Comment des commerçants «organisent» une pénurie de sucre pour pousser l’Etat à augmenter les prix !

31 - Août - 2021

​Quand certains distributeurs grossistes de la Compagnie sucrière sénégalaise (CSS) font de la rétention ou détournent le sucre du marché local pour le vendre à des industriels locaux et dans les pays voisins, cela crée une situation de tension, voire de pénurie de sucre. Depuis plusieurs jours ces acteurs de l’informel crient sur tous les toits qu’il y a une pénurie de sucre sur le marché et en profitent pour augmenter le prix de cette denrée. ,En réalité, rien n’est plus faux puisque, au moment même où l’on parle de « pénurie », la CSS a entreposé dans ses magasins près de 29.000 tonnes de sucre représentant environ 45 jours de consommation nationale.

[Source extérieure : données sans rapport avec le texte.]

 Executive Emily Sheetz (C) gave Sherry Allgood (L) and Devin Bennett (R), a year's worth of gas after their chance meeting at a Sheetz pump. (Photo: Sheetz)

Seule nouveauté cette fois : les commerçants, au-delà du chantage exercé souvent sur l’Etat à travers les DIPA, ont décidé de transférer ce même chantage sur les consommateurs. Une seule raison : la quête des DIPA.

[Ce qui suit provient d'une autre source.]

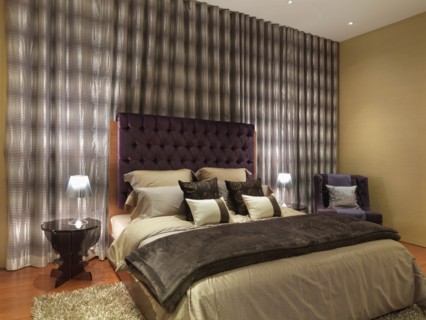 Elegant modern bedroom with purple velvet headboard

Le sucre est resté trouvable, mais sous tensions savamment entretenu ces dernières semaines chez les demi-grossistes, les détaillants et surtout les consommateurs. Et pourtant, selon des sources proches de la CSS et de la direction du Commerce intérieur, il y a une bonne disponibilité du sucre local. Actuellement la CSS a stocké dans ses magasins près de 29.000 tonnes de sucre, l’équivalent de 45 jours de consommation. D’ailleurs nos mêmes sources indiquent que le directeur du Commerce intérieur s’est déplacé personnellement pour s’enquérir de la situation des stocks de la CSS.

Au moment où il était dans les locaux de la CSS, il avait constaté que la compagnie avait plus de 32.000 tonnes de sucre stockées, selon les mêmes sources. Qui trouvent donc que la pénurie est injustifiée. « C’est du « ma taay » organisé par les commerçants ». Comment comprendre cette posture de certains commerçants qui peut être assimilée à « un chantage » exercé sur l’Etat et surtout sur les consommateurs ?

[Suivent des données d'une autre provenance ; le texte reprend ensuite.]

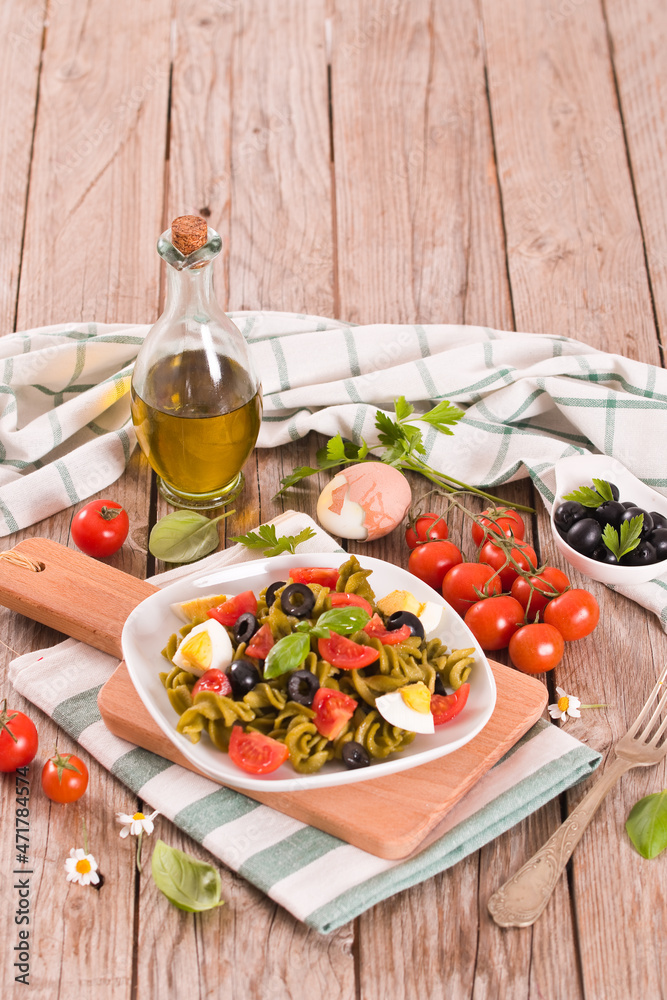 Fusilli pasta with cherry tomatoes, eggs and black olives. Fusilli pasta with cherry tomatoes, eggs and black olives.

Le Magal 2021, un grand moment de consommation de denrées comme le sucre annoncé en fin septembre, est toujours une occasion pour ces commerçants animés par le seul appât du gain de mettre la pression sur l’Etat en entonnant la même rengaine usée jusqu’à la corde d’une incapacité de l’industriel local à satisfaire le marché.

« Mais cette fois-ci, la pression est faite de façon plus pernicieuse parce qu’il y a une dose de chantage. Tant qu’ils tentaient de faire chanter le ministère du Commerce, nous avons pu faire face et trouver des solutions mais aujourd’hui ils font chanter les consommateurs. Nous avons relevé effectivement que des grossistes, parmi les plus importants en matière de distribution de sucre, privilégient certains industriels et l’extérieur au détriment du consommateur. Ceci relève tout simplement du banditisme économique qui mérite d’être sévèrement sanctionné » s’étrangle-t-on du côté de l’industriel.

Le prétexte du Magal et la flambée du marché international
Ces commerçants veulent gagner sur les deux tableaux en faisant de plus grands profits auprès des industriels utilisant du sucre, mais aussi en entretenant ce sentiment de pénurie en disant que si cela perdure l’Etat sera obligé de prendre des mesures comme la hausse du prix du sucre.

« Rien ne justifie ce qui se passe. Sinon, il y a un changement de conjoncture par rapport à l’année dernière. Cette année, les cours mondiaux sont très élevés, la chaîne logistique est totalement perturbée, les coûts du transport se sont fortement renchéris de sorte que les profits mirobolants que ces commerçants réalisaient dans d’autres spéculations ont chuté drastiquement. Ils ont organisé un battage médiatique jusqu’à obtenir des DIPA, et ils continuent la pression pour avoirla hausse du prix du sucre ou la suppression de droits et de taxes pour pouvoir s’en sortir. Ils ont mis en avant une stratégie de chantage orientée cette fois-ci en direction des consommateurs. Ils n’ont qu’à dire aux Sénégalais qu’ils veulent l’augmentation du prix du sucre pour pouvoir faire des bénéfices ! Ils ont râlé pour obtenir des DIPA, maintenant ils continuent à râler », selon une autre source de la Direction du Commerce intérieur.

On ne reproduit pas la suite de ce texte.